Visual Strategies: Visual perception outputs are also mapped into interaction strategies. When unwanted behaviors such as smoking or walking dogs are detected, the robot sends a signal to the backend, issues a voice warning to the individual involved, and directs the navigation system to keep following the case. In more serious scenarios - such as detecting a person who has fallen or groups engaged in fighting - the system sends emergency calls to the backend to alert part guards for assistance.
        The final user interaction and platform management experience were shaped by real-world constraints. Nearly half of the development cycle was dedicated to field testing, where I refined vehicle stability, obstacle avoidance, voice responsiveness, and real-time streaming. Early deployments often failed due to issues such as loose cables, network latency, and hardware faults. Through months of iterative debugging and optimization, these problems were systematically resolved, resulting in a stable and reliable system for sustained outdoor operation.
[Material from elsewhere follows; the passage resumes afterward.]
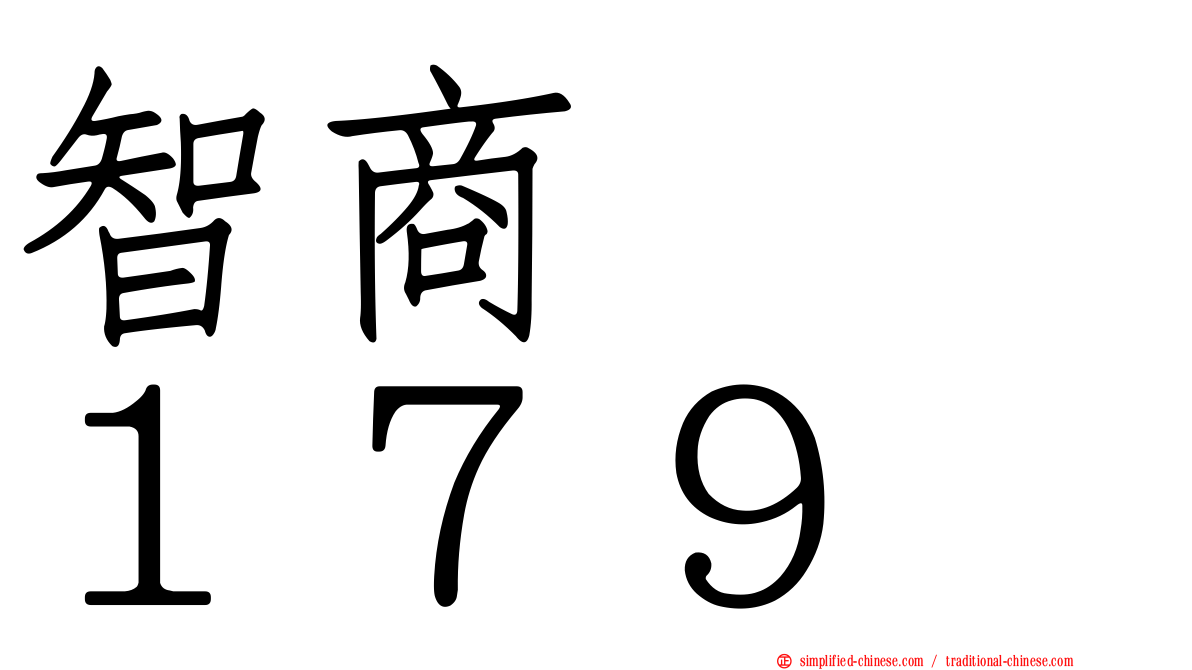 智商　　１７９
        Developed during a period of frequent chassis failures, this testbed provided a stable platform for both algorithm validation and sensor experiments. Its independent steering and suspension support Ackermann steering, zero-radius turning, and crab-walking, while the modular top layer allows mounting different sensors for rapid prototyping. Slightly smaller than the full-scale vehicle, it can operate indoors, enabling convenient office-based testing.
        Stepper motors and control logic were lately resued in the 4-Axis Robotic Arm, while the chassis remains available for perception and navigation testing as a versatile validation tool.